Hindistanın kimi müzelerinde Hindistan Bağımsızlık Kahramanı olarak, Netaji (Netaji, ulu önder anlamına geliyor) Subhas Chandra Bosenin (1897-1945) adı öne çıkarılmaktadır. Bose, 2. Paylaşım Savaşı yıllarında, Japonyanın desteğiyle kurulmuş Sürgünde Hint Hükümeti ve Hindistan Ulusal Ordusunun önderi idi. Hindistanın bağımsızlıkçı ana partisi Ulusal Kongre Partisinin başkanlığını yapmış (Gandhinin, Bosenin başkan seçilmesine yorumu, Onun yengisi, benim yenilgimdir olmuştu), bir dönem Kalküta Büyükşehir Belediye Başkanlığına seçilmiş, kolonici Britanya tarafından 11 kez tutuklanmış, Avrupaya sürgüne gönderilmiş, 1941de Sovyetler Birliğinden Almanyaya geçerken Britanya tarafından düzenlenen suikasttan sağ çıkmıştı. Boseye göre bağımsız Hindistanın Britanya koloniciliği karanlığından silkinebilmesi için, Mustafa Kemal yönetimi gibi yirmi yıllık bir tek partili kuruluş dönemi yaşaması gerekiyordu. Hatta Bose, Mustafa Kemalle görüşmek istemiş ama görüşme isteği Britanya tarafından engellenmişti.

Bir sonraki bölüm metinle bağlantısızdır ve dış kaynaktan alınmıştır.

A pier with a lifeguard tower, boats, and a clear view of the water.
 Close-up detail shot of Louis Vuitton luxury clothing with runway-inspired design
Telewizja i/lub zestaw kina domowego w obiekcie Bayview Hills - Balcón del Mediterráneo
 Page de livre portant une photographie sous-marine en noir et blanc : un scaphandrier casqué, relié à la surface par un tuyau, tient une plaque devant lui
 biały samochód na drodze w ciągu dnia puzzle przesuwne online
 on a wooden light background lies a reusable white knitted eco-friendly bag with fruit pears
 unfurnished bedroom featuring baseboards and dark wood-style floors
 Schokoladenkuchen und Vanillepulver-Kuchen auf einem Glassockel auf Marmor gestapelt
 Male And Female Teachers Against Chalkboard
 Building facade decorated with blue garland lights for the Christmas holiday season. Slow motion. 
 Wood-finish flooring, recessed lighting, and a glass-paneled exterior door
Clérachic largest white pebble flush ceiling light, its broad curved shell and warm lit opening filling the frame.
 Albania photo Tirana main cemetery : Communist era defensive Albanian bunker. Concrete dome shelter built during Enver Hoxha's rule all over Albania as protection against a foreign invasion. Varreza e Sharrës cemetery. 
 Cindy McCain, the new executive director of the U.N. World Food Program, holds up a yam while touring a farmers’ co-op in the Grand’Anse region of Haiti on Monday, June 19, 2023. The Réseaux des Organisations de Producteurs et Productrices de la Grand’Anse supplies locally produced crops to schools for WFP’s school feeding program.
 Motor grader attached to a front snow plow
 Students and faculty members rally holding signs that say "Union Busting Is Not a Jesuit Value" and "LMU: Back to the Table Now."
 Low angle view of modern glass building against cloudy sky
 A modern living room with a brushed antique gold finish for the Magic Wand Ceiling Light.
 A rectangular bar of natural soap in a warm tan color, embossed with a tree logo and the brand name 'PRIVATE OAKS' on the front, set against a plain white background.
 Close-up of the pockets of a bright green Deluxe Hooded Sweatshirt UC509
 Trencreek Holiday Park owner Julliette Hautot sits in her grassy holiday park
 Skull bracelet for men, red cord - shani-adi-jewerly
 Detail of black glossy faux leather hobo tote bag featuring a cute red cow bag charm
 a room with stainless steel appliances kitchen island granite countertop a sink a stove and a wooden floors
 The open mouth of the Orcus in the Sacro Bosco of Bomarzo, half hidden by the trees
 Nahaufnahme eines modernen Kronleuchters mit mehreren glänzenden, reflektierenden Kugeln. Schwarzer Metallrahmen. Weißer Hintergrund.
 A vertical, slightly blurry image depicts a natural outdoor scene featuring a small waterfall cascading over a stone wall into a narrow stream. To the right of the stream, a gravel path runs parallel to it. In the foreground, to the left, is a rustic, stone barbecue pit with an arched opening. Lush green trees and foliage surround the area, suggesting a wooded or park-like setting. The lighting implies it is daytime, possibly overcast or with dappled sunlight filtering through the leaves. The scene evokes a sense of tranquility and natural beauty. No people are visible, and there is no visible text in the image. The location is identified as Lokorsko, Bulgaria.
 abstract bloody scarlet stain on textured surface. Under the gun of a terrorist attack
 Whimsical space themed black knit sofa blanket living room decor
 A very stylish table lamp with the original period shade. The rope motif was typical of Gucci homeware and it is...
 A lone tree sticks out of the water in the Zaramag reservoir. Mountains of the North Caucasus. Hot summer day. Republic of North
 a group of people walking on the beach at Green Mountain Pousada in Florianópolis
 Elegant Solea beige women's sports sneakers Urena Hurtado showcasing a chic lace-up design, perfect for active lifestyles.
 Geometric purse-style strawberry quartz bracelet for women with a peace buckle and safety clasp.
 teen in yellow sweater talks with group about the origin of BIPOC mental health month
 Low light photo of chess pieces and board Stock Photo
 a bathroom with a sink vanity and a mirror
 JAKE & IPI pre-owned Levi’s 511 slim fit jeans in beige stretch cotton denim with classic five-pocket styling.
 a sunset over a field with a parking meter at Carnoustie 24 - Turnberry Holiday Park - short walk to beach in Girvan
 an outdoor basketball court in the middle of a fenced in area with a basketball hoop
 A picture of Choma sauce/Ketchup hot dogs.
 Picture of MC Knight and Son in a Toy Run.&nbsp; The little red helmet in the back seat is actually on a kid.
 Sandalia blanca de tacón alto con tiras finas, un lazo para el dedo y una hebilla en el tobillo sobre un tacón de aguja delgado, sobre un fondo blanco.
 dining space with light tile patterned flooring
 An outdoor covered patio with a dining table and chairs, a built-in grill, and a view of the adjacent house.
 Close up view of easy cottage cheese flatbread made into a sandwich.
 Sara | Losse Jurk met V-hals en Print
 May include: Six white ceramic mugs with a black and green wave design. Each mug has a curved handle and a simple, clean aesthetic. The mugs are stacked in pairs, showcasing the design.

Gandhiyle şiddet kullanımı konusunda başından beri anlaşamamışlardı. Bose, kendisine tokat atan birine öbür yanağını uzatmaktansa, bir tokata karşılık iki tokat atmayı savunuyordu. Boseye göre Gandhicilik, bağımsızlık hareketini zayıflatıyor ve bağımsızlığın gecikmesine neden oluyordu. 2. Paylaşım Savaşı başında Bose, Sovyet önderleriyle görüşmek üzere Hindistandan gizlice ayrıldı. Sovyetlerde, Almanyada ve Japonyada Hindistan bağımsızlık davasına destek aradı. Stalinden ve sonrasında Hitlerden umduğu desteği bulamadı. Destek arayışlarının sonunda, düşmanımın düşmanı dostumdur düşüncesinin ve bir sömürgeciliği ötekine kırdırmanın tek çıkar yol olduğu sonucuna vararak, Asya genelinde, İngilterenin yaptıklarından daha da vahşi toplukıyımlar gerçekleştirmiş kolonici Japonyanın desteğiyle, Sürgünde Hint Hükümeti ve Hindistan Ulusal Ordusunu oluşturdu. Bose, bir yandan bağımsızlığın bir numaralı ismi iken; bir yandan da, güncel siyasetin bir gereği olarak ya da gerçekten öyle düşündüğü için, Nazilere ve Japon yayılmacılığına övgüler düzüyordu.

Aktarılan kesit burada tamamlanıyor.